El arco parlamentario permanece prácticamente inalterado, y sólo la temporal aparición de algunas formaciones menores o las crisis internas dentro de algunos partidos con más solera lo modifican. Esto, juntamente con la estabilidad del sistema democrático y de sus instituciones, concede una enorme tranquilidad a los actores políticos. La política es esencialmente conservadora, y en muy contadas ocasiones siente la necesidad de corregirse a sí misma. Los cambios que procura se limitan demasiado a la alternancia en el poder, o a golpes de oportunidad, a la intensificación de la exposición pública y a apariencias de mayor dinamismo.
La otra característica de la política que explicaría su pereza es la certeza con la que se maneja de que moverse, tomar decisiones o cambiar de rumbo resulta inconveniente, a no ser que se esté ya con el agua al cuello.
Incluso cuando los problemas se pudren, después de mucho tiempo de permanecer enquistados, la política tiende a acomodarse en ellos, como está ocurriendo en estos momentos con la corrupción. La máxima ignaciana –en tiempos de zozobra no hacer mudanza– viene que ni pintada, porque los actores políticos siempre podrán simular que viven en la zozobra. Pero junto a tan sabia recomendación la indolencia ha llegado a dotarse de su propio estilo. El poder ha de mostrarse impasible para que merezca crédito. Cambiar supone siempre una concesión a los adversarios políticos, que se verán estimulados para proseguir con su asedio. El éxito político precisa ofrecer seguridad, dejando sin respuesta todas las preguntas incómodas para guarecerse en el soliloquio.

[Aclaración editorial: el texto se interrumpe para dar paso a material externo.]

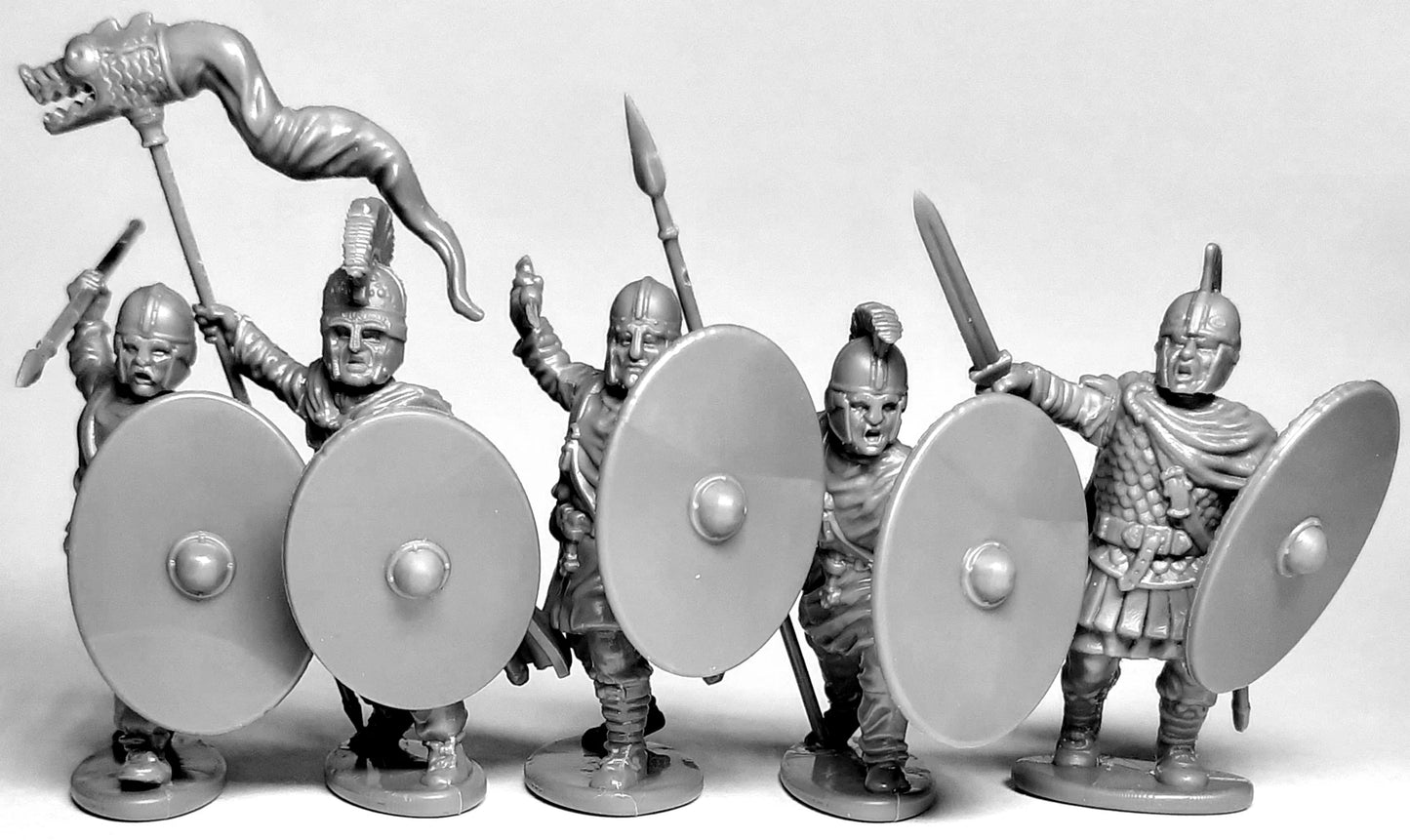 Victrix | Late Roman Unarmoured Infantry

La disyuntiva entre «catástrofe o sacrificio», formulada por el primer ministro griego, Giorgos Papandreu, para defender lo segundo en el caso de Grecia, es consecuencia de la desidia fraudulenta con la que sus antecesores trataron de posponer los problemas. Pero ello no puede ocultar la exasperante lentitud con que se han conducido la Unión Europea y los gobiernos del euro. José Luis Rodríguez Zapatero confía en que la economía remonte el vuelo para evitar actuaciones incómodas, al mismo tiempo que Mariano Rajoy espera que el presidente se labre su propio fracaso sin que el primer partido de la oposición arriesgue demasiado. Es esa pereza compartida la que les ha citado para mañana, cuando deberían haberse visto cada mes durante el último año y medio. El fenómeno es tan contagioso que va más allá de la política partidaria y afecta a las instituciones.
La precipitación está peor vista que la tardanza gracias también a la sacralización del carácter garantista del sistema democrático no sólo en lo judicial. Se supone que todos los procedimientos han de llevarse con parsimonia para que sean verdaderamente solventes. Poco importa que las decisiones que se adopten al final queden sin efecto o resulten ineficaces. Diálogos que se eternizan sin siquiera ofrecer una conclusión parcial, acercamientos que se dilatan sin que den fruto alguno, deliberaciones que parecen desembocar en la nada.
Así es como tres magistrados del Tribunal Constitucional pueden sentirse muy cómodos dejándose fotografiar en la plaza de toros de la Maestranza de Sevilla en medio de la que les está cayendo, faltaba más.